Sam Stone

Sam Stone

Tell me about Dirty Talk…
The quotes in the Dirty Talk zine, it’s five different quotes, from four different boys said either during or after sex, things like ‘push through the pain’, that’s pretty bad. ‘who even are you?’, ‘I’m not going to hurt you’, ‘I wish I was someone else’. I didn’t lose my virginity until really quite late, and then had a very accelerated start, which had some negative experiences in it.

Why did you decide to pursue a project which is so personal and intimate?
Through Dirty Talk, and doing something which was really personal to think about, or even talk about, is now really, anybody can see it, anybody can buy it, it’s not mine anymore. It’s letting go of those experiences, if I hold on to it what’s the point? Those memories don’t have any hold over me anymore.

Why are there are so few words in the zine?
I wanted it to be like in the same way a song lyric is vague, it’s definitely not about your recent breakup with your recent boyfriend, but when you listen to it you think ‘oh god, it is!’ I wanted people to connect. What’s amazing though is how many girls have clicked with it in a really exciting way, I didn’t realise it would actually mean that much to other girls. It was just my personal experience, I didn’t really think that anybody else would give a shit, but I’ve had a lot of girls who have said ‘oh, I’ve gone through similar things’.

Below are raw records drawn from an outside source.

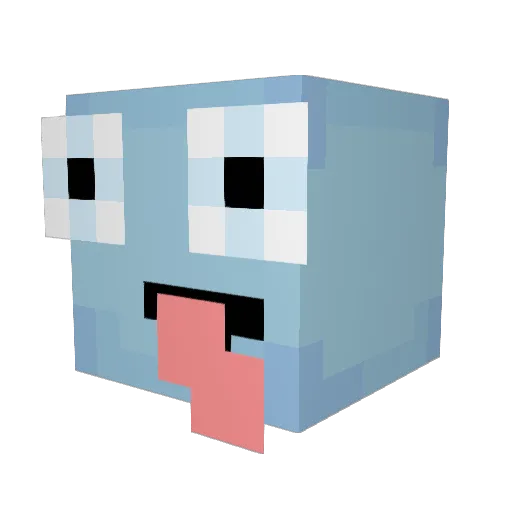 LakeriYT Minecraft avatar head, 3D render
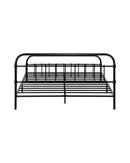 Dane Metal Bed Frame Double Size Bed Base Platform Oikiture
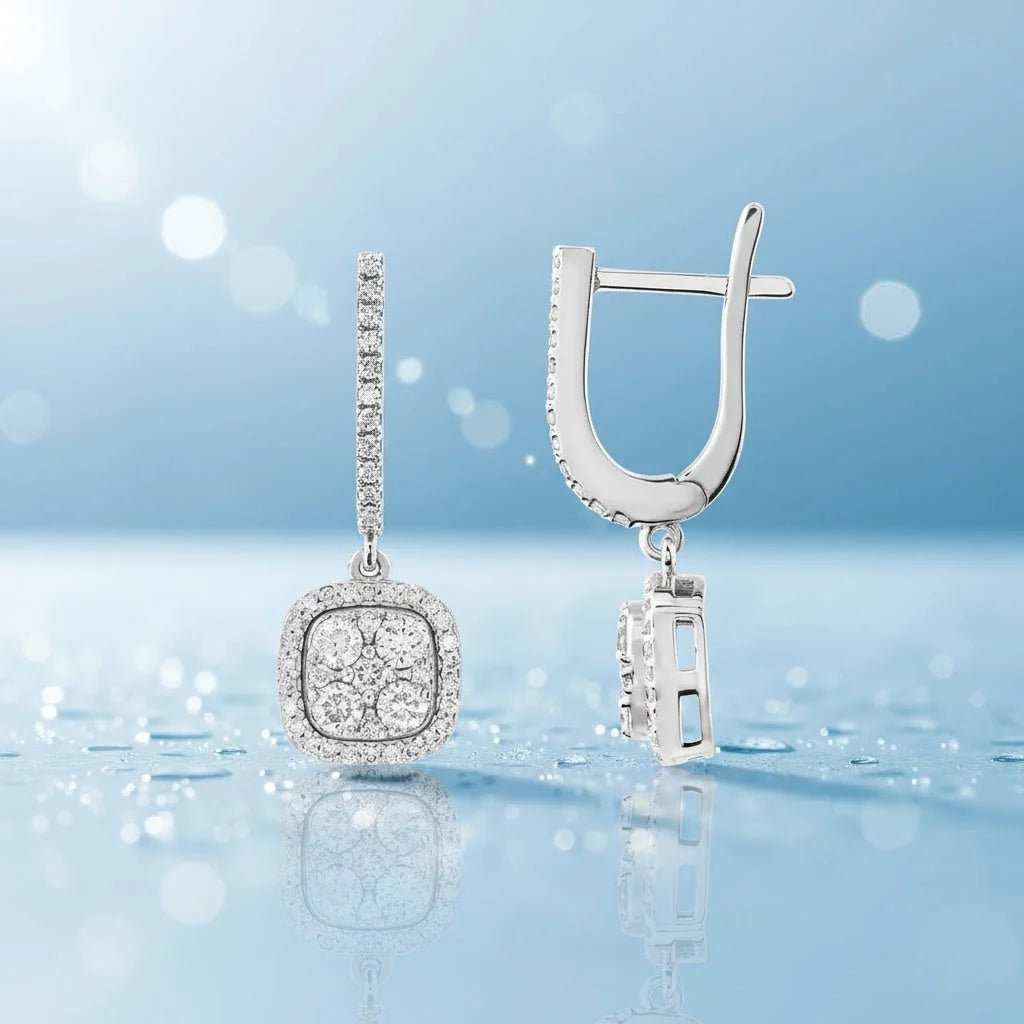 0,71 Karat Coronet Pırlanta Küpe - Venta Jewelry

The photos you use are so beautiful but so childlike, why did you decide to do that?
It’s all photographed in my childhood home, and I was thinking about childish expectations of love and romance. As a child my expectations of love and sex were ridiculous, I was planning my wedding since I was six years old. Then, obviously that was not the experience that I had, so there’s kind of this disconnect.

Why did you chose to embroider onto underwear?
I think because it’s so intimate, and the point you would be seeing them is the point those quotes would be said. I also think there’s also something weirdly kind of naive about it, the slightly baggy, white, girls knickers. It’s not a sexually liberated woman, it’s the slightly awkward girl who’s discovering sex for the first time, when you’re wearing those horrible baggy knickers. So I think that’s why so much of the imagery for it is about girlhood and naivety.

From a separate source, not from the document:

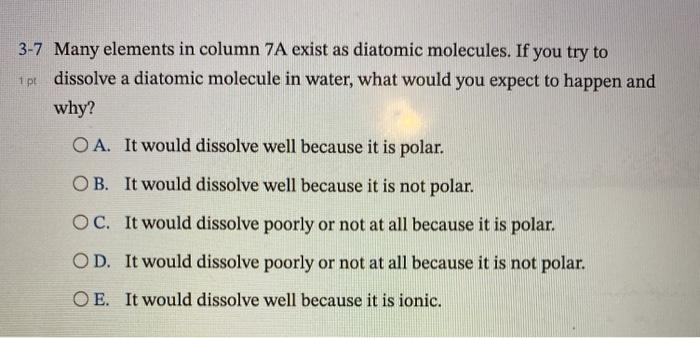 Solved Imagine 1000 unique diatomic molecules are allowed to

A lot of your other work centres around female nudity, why is this important to you?
A lot of my work has centred around female nudes, particularly nude selfies that I’ve taken of myself and then embroidered. Like a lot of girls I didn’t used to like my body a lot. I kind of viewed myself as this pudgy like lumpy, marshmallow creature. It’s weird as a young woman being aware of the young female body as a commodity, owning something that you know can have that power and that sexuality. I find it interesting, thinking about my body as a commercial entity, when for me it’s just a practical thing of eating and sleeping and containing my brain.

So, ultimately, is your work about empowerment?
It’s more the message behind it. I’m a big believer in analysing, instead of brushing stuff under the rug, analysing bad stuff that happens to you and then trying to make something positive out of it. So that’s really what Dirty Talk is about, taking these awkward, quite painful scenarios and then making an artistic project out of it.